Saturday, September 28, 2013

Learning to Live

Just today my brother complains about his life, he said he always sacrifice himself for anyone but no one care about him at the end of day. Me as his sister made a lot mistakes to him, and i feel i have the biggest responsible for made him that way.

He said he has the worst life ever. What about me? I am not as old as him and I'm not having the same life as him. But really, my life goes up and down, met ppl who could treat me the worst, dropped my self esteem a lot when was looking for a job, and most of the time i cannot fight back to problems. Lot bad things happened. And I'm still fck ing 19 years old. I always trying to survive thou.

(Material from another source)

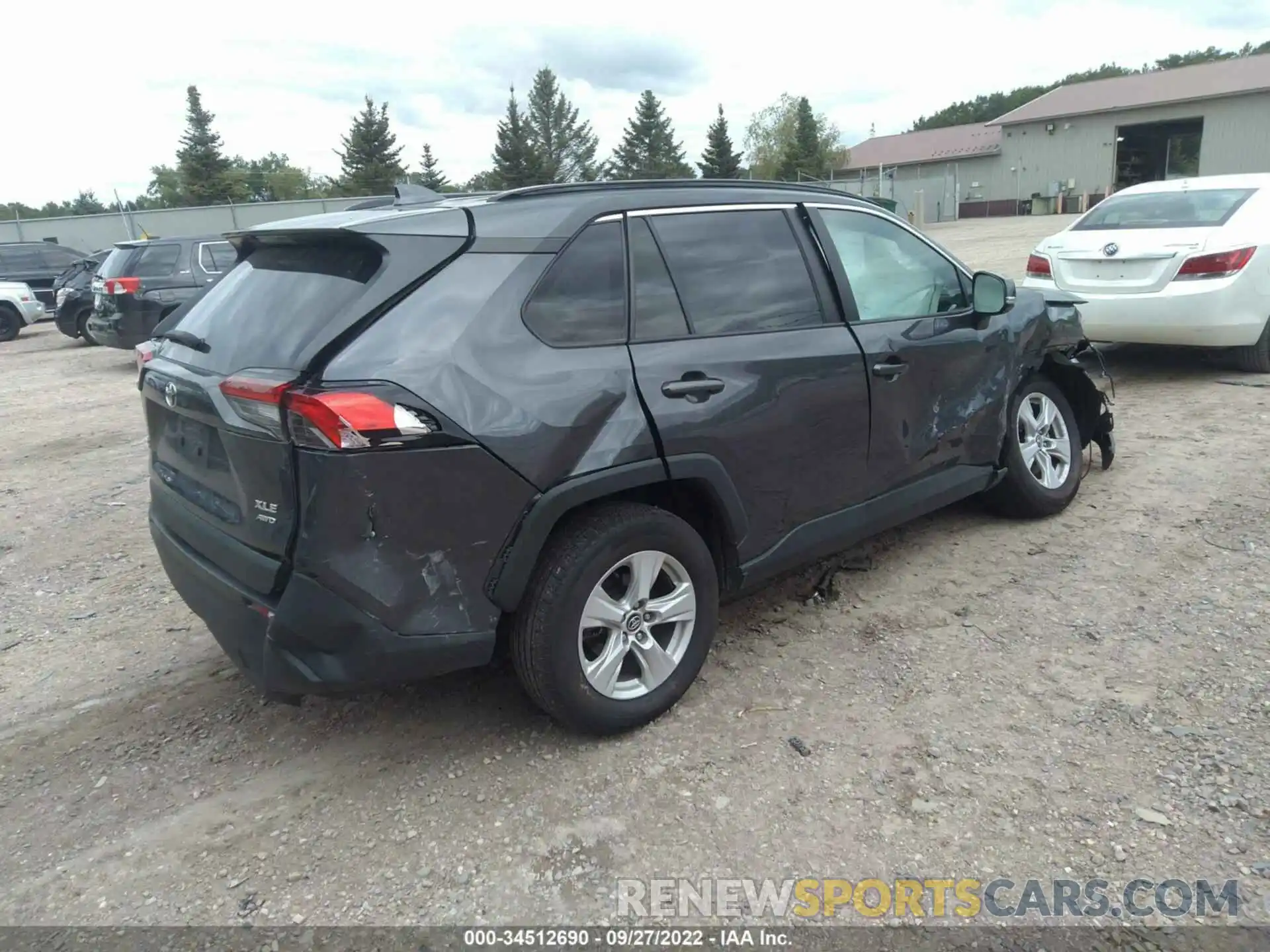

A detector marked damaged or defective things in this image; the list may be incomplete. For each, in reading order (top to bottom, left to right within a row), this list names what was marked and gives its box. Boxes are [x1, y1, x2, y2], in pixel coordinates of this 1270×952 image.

damaged rear quarter panel [292, 446, 536, 637] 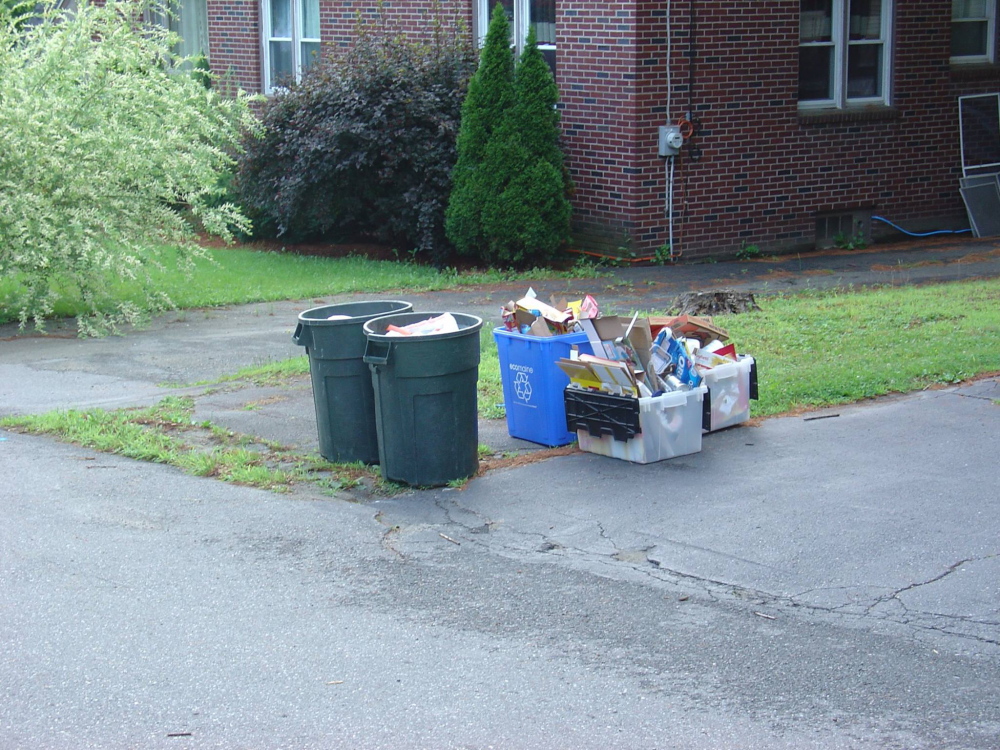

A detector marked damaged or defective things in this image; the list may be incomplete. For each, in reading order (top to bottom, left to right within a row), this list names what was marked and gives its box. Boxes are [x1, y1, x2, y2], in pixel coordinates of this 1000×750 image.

I learn how to deal with people. Try to see good things in bad. Try to do goods even all i want to do is not give a damn at all. My life is bitter. All this year i try to be patient, patient, and more patient to everyone. Trying to tolerate something i couldn't. Trying to understand everyone. Maybe you all don't get what i mean, but at this point, is not only my brother that feeling desperate about life. Im sick also. Im in pain. And i never ask for someone to understand me, cause i know they couldn't.

I know I'm not as nice as him. I know his life is bitter too. Also i know i never could payback his kindness to me. But, life will not forever be like this. God is fair. He sees our pain and our heart.

If only your patient could cover the scars in your heart, why don't try to face the shit days with smile, bro? Forget the people who treat you wrong, they are worthless. Me as your sister not perfect also, i have big problem in my life most of the day, but i do really love you as my brother. Regardless of all my mistake, i apologise. Thanks for being a good one beside me. You could face the days, i believe you are stronger than me.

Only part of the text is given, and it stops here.